SC²S Colloquium - June 25, 2008
Date: | June 25 |
Room: | 02.07.023 |
Time: | 1 pm, s.t. |
13:00 Uhr - Thomas Haller: Mulitreference Alignment of 3D Data from Electron Tomography (DA)
The goal of this thesis is the development of software for fast averaging and alignment of sub-tomograms. The sub-tomograms contain the three-dimensional structural information of macromolecular protein complexes imaged by cryo-electron tomography. Cryo-electron tomography is an emerging technique used in structural biology, capable of resolving large complexes at nanometre resolution, providing insight into the function and interactions that take place within a cellular context. However, attainable resolution is limited by the low signal-to-noise ratio and distortion from artifacts such as the ``missing wedge (i.e.\ missing structural information caused by inherent limitations of electron tomography). Coherent averaging of sub-tomograms is a method for improving signal-to-noise ratios and compensating for such artifacts and therefore improving resolution.

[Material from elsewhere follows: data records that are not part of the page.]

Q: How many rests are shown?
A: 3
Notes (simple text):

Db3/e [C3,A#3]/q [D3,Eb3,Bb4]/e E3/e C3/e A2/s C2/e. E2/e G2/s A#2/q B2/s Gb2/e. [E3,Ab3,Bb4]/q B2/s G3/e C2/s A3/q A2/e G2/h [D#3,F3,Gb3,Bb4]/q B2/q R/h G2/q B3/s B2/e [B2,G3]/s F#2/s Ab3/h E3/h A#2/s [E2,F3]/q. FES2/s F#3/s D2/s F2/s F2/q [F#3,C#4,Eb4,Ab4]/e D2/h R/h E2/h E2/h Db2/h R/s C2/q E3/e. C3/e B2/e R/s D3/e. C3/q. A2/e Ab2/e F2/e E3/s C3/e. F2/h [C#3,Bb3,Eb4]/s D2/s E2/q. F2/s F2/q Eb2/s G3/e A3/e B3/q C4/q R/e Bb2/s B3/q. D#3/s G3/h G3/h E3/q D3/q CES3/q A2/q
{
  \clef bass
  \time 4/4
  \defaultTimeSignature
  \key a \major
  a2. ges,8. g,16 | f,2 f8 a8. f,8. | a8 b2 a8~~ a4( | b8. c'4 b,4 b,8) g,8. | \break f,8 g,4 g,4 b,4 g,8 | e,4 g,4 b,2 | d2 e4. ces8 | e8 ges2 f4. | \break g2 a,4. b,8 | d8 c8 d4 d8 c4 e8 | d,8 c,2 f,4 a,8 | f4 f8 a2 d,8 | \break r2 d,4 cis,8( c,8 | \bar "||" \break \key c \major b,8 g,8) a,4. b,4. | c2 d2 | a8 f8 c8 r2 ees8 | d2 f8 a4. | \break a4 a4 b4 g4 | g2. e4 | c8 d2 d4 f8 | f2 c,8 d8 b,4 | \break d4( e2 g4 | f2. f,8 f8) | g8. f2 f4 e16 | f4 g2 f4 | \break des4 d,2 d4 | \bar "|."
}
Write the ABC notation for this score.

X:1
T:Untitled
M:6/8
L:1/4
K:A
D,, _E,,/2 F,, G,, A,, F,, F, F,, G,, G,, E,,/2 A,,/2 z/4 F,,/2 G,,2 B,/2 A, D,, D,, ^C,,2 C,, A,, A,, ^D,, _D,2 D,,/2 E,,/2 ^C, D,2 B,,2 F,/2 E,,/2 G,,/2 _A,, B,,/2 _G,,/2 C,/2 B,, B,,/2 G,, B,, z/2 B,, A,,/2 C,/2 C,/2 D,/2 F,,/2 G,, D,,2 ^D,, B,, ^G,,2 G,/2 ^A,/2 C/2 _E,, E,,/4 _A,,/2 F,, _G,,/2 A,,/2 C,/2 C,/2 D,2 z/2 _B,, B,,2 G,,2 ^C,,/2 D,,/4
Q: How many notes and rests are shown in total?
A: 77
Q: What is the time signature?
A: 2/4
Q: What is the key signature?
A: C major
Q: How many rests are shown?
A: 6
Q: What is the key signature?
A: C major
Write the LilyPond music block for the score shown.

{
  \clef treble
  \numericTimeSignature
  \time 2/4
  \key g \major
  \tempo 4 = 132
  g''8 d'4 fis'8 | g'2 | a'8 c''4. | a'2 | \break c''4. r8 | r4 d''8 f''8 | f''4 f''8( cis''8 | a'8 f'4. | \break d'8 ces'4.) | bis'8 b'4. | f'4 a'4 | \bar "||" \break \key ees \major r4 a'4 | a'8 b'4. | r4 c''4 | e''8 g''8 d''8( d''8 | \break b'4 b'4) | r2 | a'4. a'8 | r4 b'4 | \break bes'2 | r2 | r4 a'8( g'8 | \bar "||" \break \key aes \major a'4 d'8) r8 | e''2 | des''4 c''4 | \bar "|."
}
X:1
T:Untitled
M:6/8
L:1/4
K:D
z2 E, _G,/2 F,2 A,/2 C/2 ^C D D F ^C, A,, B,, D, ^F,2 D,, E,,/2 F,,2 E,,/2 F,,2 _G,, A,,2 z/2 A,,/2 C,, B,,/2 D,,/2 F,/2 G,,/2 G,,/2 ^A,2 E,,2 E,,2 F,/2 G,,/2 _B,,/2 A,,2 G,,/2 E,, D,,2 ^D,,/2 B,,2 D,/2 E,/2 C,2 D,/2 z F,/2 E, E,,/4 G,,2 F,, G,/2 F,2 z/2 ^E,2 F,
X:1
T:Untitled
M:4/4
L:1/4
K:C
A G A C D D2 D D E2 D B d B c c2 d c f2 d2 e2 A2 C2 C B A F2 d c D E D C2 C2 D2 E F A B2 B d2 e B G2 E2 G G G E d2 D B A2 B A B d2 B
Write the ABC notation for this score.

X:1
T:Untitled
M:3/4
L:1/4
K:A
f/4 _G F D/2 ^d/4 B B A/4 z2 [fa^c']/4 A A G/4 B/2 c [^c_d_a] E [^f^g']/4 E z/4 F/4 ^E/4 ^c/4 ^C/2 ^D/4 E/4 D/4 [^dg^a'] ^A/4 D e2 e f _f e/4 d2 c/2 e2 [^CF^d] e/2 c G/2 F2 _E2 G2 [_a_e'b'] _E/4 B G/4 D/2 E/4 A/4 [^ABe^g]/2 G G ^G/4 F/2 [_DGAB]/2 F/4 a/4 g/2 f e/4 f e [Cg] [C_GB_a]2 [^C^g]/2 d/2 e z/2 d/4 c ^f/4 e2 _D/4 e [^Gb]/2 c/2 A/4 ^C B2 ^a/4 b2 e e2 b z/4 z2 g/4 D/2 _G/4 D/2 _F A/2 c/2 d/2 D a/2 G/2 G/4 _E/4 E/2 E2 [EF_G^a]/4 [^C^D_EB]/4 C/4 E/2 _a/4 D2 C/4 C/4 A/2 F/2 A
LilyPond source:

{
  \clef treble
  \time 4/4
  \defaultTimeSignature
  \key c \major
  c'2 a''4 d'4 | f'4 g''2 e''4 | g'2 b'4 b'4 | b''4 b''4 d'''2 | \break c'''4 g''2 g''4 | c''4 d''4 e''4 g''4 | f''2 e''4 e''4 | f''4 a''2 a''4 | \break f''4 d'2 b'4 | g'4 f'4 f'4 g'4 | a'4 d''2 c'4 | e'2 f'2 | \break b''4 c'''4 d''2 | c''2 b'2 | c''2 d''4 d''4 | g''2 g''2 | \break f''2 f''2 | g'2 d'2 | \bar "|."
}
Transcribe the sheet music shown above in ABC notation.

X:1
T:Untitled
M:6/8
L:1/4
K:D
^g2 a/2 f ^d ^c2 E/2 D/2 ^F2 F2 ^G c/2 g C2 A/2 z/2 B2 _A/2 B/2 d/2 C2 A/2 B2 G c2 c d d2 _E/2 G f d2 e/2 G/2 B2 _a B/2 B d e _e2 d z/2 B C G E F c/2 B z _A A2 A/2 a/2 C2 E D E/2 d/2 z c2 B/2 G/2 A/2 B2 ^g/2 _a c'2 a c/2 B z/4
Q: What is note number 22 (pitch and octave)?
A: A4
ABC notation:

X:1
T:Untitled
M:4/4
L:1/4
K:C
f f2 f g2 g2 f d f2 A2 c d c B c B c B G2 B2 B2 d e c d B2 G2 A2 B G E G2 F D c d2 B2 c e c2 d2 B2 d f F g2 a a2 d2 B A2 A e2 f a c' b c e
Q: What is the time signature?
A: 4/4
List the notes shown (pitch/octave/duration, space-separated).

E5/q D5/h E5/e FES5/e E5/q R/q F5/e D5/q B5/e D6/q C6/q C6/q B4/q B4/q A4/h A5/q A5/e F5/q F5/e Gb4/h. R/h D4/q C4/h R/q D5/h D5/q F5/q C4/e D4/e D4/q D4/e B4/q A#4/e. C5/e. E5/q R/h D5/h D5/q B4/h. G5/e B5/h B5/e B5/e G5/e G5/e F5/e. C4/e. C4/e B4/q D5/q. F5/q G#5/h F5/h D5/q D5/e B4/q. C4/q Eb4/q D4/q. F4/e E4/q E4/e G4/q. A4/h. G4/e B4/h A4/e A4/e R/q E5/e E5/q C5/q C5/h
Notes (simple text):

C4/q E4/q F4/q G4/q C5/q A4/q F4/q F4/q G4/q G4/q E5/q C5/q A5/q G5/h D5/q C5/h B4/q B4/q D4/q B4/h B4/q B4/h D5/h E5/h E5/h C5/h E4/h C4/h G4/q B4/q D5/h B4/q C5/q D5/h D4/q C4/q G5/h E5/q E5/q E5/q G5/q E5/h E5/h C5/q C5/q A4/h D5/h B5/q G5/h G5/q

The presented application herein computes the average of the randomly orientated complexes, automatically determining the necessary unknown alignments/orientations. The algorithm applies an iterative approach, whereby sub-tomograms are aligned to estimated averages which are then recalculated from the aligned sub-tomograms and used in subsequent refinement of the alignments. The alignments between sub-tomograms and the estimated average are determined by searching for the strongest correlation score through hierarchical rotational sampling. Normalized cross-correlation is used as the measure of similarity with a special consideration for the missing wedge. By handling multiple references/averages and classifying the sub-tomograms according to their similarity with the (class) averages, a rotational invariant k-means clustering is realized that allows the classification of sub-tomograms according to their structure.
Due to the high computational complexity of the multireference alignment problem, computation time is a critical issue. Hence, the developed software is parallelized using message passing interface (MPI) and adopted to run on clusters.